From Echopedia

Leadership is the most important non-mechanical skill to learn in order to have fun and do cool stuff in the Arena.

Leadership means many things. This page introduces ideas backed by sports science that promote high performance groups that have fun together.

 If you have fun, you'll play more. 
 If you play more, you'll play better. 
 If you play better, you'll do more cool stuff in games.
 If you do cool stuff in games, you'll have more fun. 
 You'll play more. You'll play better. 
 You'll do more cool stuff in games.
    - Mantra of DocEducation

Cultivate Positivity[edit | edit source]

High performing sports teams build cultures where everyone believes they can do great things. When everyone feels supported and has fun, players perform better and gain skill faster.

Also, this is a game designed for people to have fun and feel more powerful. Don't lose sight of enjoying your game and helping others enjoy theirs.

Three basic ways to promote positivity over time:

  1. Celebrate success: Say 'nice shot' or 'nice pass' or 'nice save' when teammates and opponents show some skill.
  2. Pick up teammates who make mistakes: say 'nice try' or 'so close, keep shooting'
  3. Laugh and promote laughter: make jokes, laugh at yourself to shake off mistakes, take breaks from being serious

Cultivate Honesty[edit | edit source]

High performing teams build a culture where everyone can be honest with each other about how they can improve as a team. The key is to build trust so that feedback can be given without fear of anyone getting angry and causing drama.

Be careful with how you think and talk about your own game and other people's games.

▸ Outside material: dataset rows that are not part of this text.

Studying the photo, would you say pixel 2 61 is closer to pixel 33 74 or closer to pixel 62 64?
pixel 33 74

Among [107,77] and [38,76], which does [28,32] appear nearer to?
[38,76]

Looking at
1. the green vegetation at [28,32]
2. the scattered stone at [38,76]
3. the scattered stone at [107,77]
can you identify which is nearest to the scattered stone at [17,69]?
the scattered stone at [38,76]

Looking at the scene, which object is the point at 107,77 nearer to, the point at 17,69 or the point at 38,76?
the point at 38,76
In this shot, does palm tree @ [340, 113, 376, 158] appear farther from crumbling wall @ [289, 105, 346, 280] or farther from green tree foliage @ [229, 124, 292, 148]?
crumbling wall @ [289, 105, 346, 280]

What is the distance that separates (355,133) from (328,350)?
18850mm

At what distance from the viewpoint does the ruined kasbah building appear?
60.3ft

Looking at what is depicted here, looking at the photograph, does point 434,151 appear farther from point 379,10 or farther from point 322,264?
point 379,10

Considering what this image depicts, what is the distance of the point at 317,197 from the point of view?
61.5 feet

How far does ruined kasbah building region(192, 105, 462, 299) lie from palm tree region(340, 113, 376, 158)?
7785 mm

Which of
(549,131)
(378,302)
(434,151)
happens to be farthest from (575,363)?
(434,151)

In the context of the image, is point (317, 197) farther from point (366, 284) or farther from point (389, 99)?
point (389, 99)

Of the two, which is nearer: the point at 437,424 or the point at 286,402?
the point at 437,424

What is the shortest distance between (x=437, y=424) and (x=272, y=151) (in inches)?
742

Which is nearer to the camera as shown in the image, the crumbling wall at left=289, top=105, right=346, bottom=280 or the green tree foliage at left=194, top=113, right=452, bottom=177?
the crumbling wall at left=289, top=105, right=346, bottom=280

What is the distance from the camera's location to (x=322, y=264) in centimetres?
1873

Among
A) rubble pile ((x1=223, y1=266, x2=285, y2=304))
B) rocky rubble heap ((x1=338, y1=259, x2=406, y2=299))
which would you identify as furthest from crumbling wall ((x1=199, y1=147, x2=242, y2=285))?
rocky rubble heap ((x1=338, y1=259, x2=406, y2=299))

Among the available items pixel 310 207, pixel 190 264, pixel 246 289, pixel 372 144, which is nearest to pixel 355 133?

 A few tips from learning and sports science:
 - It's best if people ask for feedback before you give it out. In public matches or in any match where you don't know the players well, it's best to reserve feedback until asked.   
 - In a team environment, check in on everyone's #Clarity of Commitment to ensure feedback is appropriate for how much time each player has
 - It's best for people to choose their own things to work on. People learn best when they identify the need to improve. 
 - People can only focus on 1-3 things at once. If you overload them with too many things, they will not be able to do any of them. 
 - Don't assume that people aren't already working on something. If someone is focusing on regrabbing and communication, and you give them feedback on their shooting and how they play goalie, you might be overloading their focus. 

Use the SEA framework to promote a positive culture of honesty. All feedback should be:
Specific: Be clear and give details about the issue
Empathetic: Think through the other person's point of view and what they might be going through
Actionable: If you can, give a suggestion on what to do to improve

Build Community Pillars[edit | edit source]

Based on feedback form the community, the developers of Echo Arena - Ready At Dawn (RAD) - have established four community pillars that help everyone have more fun in the Arena.

 Respect Fellow Players: Treat everyone with respect and empathy so that our warm, welcoming, and inclusive community can continue to grow.  
 Honor My Team: Honor the effort of every player by showing up as my best self. In victory and in defeat.  
 Commit to Fairness: Ensure everyone can have a positive and meaningful experience by refusing to cheat, use exploits, or gain unfair advantage.  
 Protect my Community: Speak up to defend others, and report harassment or other toxic behavior whenever I see it, to keep my community safe. 

Clarity of Commitment[edit | edit source]

Be clear about what commitment you and others have to getting better at the game, and take this commitment into account when thinking about how quickly you or your team can improve. Getting good at Echo Arena takes a lot of time, so don't expect to quickly become highly skilled if you are only playing 1-2 times a week. The top performing players are often playing and practicing 6+ days a week for 2-8 hours a day.

If you only have time or only want to play a little bit - that's totally ok! Just be especially easy on yourself and others with similar commitment when mistakes are made. Even at the highest level of competitive play, where players are playing 2-5 hours a day 6+ days a week, mistakes are still made.

Players can become highly skilled at Echo Arena with less time commitment per week, it just takes more weeks to get there =).